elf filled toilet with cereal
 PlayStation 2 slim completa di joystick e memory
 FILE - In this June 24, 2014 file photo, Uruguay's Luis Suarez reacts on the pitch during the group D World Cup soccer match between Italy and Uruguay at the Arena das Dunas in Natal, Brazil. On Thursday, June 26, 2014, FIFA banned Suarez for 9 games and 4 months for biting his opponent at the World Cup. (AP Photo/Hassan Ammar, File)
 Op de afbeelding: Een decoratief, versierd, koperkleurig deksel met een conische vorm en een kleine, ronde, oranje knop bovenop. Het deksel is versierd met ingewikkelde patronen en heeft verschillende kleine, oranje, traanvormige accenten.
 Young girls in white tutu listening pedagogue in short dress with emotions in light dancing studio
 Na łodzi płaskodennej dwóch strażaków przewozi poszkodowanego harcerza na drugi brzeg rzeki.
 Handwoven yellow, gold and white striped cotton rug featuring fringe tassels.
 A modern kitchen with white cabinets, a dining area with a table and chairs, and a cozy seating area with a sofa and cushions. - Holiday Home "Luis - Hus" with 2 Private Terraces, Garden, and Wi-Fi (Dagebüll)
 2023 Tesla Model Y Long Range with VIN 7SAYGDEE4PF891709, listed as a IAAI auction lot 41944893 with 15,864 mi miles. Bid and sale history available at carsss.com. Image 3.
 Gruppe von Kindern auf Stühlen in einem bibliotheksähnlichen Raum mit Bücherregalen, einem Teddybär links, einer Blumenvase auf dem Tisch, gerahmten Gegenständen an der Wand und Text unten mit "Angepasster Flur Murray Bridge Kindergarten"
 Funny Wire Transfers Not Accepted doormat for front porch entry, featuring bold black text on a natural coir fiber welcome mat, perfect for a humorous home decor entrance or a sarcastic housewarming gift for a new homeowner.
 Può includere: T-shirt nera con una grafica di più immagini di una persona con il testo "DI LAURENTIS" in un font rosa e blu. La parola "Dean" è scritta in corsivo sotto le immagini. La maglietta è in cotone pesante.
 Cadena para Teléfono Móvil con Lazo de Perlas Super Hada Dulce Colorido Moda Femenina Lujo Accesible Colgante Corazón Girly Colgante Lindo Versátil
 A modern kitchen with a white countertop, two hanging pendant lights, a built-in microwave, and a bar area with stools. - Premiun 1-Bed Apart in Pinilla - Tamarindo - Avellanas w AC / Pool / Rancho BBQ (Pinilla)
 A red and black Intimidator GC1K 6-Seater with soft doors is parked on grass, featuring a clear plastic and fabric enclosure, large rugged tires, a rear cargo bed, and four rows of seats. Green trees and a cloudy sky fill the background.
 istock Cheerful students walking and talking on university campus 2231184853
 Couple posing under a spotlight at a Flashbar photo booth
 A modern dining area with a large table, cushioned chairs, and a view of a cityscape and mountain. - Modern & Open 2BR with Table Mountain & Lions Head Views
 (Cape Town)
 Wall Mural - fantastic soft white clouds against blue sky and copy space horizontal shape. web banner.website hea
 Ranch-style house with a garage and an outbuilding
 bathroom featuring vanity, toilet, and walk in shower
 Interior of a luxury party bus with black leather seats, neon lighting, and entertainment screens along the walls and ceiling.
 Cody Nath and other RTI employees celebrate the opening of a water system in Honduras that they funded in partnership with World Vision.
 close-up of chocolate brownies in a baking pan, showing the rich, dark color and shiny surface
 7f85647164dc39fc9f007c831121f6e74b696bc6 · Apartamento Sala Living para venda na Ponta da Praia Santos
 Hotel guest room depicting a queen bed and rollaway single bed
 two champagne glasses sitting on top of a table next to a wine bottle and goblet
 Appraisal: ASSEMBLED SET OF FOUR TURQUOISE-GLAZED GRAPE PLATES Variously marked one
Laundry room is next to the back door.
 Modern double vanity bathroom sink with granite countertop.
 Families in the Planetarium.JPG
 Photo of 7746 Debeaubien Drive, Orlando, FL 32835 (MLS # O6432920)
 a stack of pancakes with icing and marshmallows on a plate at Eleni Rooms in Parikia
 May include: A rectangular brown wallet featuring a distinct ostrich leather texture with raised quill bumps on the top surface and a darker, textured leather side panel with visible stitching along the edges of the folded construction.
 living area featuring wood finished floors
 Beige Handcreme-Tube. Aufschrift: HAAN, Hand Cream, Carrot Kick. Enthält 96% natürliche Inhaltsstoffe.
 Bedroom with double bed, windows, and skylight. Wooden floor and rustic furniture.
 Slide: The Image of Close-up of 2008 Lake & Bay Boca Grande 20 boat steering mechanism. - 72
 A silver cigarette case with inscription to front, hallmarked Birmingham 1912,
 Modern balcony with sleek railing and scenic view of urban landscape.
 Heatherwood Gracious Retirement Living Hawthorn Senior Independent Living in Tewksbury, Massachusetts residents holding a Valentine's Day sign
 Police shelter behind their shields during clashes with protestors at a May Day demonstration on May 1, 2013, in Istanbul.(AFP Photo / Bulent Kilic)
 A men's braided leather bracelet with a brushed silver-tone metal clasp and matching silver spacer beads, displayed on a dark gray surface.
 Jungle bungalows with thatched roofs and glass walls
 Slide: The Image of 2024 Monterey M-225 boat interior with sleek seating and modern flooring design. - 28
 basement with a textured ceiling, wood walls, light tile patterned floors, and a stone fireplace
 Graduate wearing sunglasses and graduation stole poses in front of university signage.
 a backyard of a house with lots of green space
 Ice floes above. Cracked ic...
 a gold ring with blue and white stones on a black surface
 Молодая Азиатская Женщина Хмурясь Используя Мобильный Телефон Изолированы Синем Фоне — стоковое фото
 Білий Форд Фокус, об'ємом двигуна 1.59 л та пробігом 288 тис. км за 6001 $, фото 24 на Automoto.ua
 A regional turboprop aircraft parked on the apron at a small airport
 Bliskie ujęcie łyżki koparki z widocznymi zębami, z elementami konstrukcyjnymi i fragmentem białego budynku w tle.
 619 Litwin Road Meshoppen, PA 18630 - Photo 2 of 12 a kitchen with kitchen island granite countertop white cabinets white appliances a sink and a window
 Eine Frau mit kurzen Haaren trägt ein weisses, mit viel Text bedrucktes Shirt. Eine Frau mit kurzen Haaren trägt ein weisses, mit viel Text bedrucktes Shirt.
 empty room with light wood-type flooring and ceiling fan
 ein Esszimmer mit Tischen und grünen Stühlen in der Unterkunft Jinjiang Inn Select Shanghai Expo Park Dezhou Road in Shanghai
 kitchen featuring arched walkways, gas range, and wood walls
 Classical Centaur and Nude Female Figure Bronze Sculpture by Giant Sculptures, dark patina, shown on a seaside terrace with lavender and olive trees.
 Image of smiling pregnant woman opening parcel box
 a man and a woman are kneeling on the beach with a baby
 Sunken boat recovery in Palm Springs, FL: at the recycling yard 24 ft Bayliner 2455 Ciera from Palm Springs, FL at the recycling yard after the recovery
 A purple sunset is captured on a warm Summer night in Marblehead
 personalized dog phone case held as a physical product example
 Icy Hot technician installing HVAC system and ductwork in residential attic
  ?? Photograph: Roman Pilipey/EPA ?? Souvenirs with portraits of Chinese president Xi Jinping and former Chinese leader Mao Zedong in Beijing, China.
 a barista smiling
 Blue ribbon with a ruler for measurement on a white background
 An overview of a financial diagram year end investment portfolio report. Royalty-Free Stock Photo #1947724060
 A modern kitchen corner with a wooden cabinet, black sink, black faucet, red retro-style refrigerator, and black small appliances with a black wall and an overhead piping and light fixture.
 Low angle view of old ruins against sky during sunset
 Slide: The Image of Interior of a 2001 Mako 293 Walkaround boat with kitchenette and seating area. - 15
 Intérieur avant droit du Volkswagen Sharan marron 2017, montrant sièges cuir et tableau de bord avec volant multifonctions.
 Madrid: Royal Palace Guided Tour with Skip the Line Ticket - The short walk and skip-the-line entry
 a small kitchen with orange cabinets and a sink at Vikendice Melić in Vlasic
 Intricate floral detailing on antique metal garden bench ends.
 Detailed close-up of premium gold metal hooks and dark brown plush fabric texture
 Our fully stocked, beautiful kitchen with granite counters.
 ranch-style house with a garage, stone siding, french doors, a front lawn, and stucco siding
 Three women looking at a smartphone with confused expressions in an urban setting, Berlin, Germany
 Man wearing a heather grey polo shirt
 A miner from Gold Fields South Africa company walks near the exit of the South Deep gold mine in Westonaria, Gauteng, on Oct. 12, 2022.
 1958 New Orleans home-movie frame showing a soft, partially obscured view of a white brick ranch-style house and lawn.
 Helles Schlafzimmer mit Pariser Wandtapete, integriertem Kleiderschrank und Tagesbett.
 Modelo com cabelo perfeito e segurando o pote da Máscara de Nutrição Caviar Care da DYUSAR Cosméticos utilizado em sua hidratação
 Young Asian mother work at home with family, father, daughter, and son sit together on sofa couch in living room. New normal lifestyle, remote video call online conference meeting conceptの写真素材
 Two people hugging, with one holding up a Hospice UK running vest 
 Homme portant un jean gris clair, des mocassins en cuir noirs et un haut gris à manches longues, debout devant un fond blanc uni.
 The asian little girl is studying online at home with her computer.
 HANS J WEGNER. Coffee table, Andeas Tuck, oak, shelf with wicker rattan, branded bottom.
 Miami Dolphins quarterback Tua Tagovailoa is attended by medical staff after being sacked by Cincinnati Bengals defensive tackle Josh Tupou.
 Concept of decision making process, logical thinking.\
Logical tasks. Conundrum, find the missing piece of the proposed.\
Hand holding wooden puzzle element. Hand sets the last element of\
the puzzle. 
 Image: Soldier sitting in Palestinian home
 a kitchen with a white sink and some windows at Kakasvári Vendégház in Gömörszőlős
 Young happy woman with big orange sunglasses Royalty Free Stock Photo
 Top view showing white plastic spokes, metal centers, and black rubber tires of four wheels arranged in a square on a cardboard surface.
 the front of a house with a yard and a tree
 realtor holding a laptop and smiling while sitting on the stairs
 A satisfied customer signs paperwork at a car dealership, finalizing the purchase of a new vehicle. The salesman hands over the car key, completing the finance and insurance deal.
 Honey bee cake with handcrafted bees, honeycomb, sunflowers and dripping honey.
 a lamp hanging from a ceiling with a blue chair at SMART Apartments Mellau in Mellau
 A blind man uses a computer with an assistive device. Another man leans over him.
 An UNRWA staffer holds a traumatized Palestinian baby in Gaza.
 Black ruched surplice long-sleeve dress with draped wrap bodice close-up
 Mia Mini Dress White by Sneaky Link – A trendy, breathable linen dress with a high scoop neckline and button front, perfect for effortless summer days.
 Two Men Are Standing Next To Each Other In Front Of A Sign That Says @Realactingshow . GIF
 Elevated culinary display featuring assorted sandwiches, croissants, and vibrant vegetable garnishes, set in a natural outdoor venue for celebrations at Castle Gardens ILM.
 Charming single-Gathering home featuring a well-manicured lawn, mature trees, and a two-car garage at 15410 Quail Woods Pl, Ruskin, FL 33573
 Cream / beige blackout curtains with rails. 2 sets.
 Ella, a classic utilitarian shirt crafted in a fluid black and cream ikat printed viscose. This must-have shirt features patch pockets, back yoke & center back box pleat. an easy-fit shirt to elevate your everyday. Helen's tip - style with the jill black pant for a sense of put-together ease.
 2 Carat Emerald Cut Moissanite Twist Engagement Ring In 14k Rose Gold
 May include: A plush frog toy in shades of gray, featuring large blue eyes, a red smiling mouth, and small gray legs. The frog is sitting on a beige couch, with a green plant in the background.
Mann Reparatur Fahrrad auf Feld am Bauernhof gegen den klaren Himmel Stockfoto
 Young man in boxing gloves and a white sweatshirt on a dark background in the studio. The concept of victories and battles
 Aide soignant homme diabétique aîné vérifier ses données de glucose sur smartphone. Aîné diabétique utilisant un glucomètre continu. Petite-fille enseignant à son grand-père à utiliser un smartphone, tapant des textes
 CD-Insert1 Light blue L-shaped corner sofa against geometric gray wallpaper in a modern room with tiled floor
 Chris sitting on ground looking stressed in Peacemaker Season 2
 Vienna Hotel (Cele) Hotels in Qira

Exercise aim
From the records above, give again exactly the lines running from the line with "Hotel guest room" to the line with "basement with a", inclusive.

Response below
 Hotel guest room depicting a queen bed and rollaway single bed
 two champagne glasses sitting on top of a table next to a wine bottle and goblet
 Appraisal: ASSEMBLED SET OF FOUR TURQUOISE-GLAZED GRAPE PLATES Variously marked one
Laundry room is next to the back door.
 Modern double vanity bathroom sink with granite countertop.
 Families in the Planetarium.JPG
 Photo of 7746 Debeaubien Drive, Orlando, FL 32835 (MLS # O6432920)
 a stack of pancakes with icing and marshmallows on a plate at Eleni Rooms in Parikia
 May include: A rectangular brown wallet featuring a distinct ostrich leather texture with raised quill bumps on the top surface and a darker, textured leather side panel with visible stitching along the edges of the folded construction.
 living area featuring wood finished floors
 Beige Handcreme-Tube. Aufschrift: HAAN, Hand Cream, Carrot Kick. Enthält 96% natürliche Inhaltsstoffe.
 Bedroom with double bed, windows, and skylight. Wooden floor and rustic furniture.
 Slide: The Image of Close-up of 2008 Lake & Bay Boca Grande 20 boat steering mechanism. - 72
 A silver cigarette case with inscription to front, hallmarked Birmingham 1912,
 Modern balcony with sleek railing and scenic view of urban landscape.
 Heatherwood Gracious Retirement Living Hawthorn Senior Independent Living in Tewksbury, Massachusetts residents holding a Valentine's Day sign
 Police shelter behind their shields during clashes with protestors at a May Day demonstration on May 1, 2013, in Istanbul.(AFP Photo / Bulent Kilic)
 A men's braided leather bracelet with a brushed silver-tone metal clasp and matching silver spacer beads, displayed on a dark gray surface.
 Jungle bungalows with thatched roofs and glass walls
 Slide: The Image of 2024 Monterey M-225 boat interior with sleek seating and modern flooring design. - 28
 basement with a textured ceiling, wood walls, light tile patterned floors, and a stone fireplace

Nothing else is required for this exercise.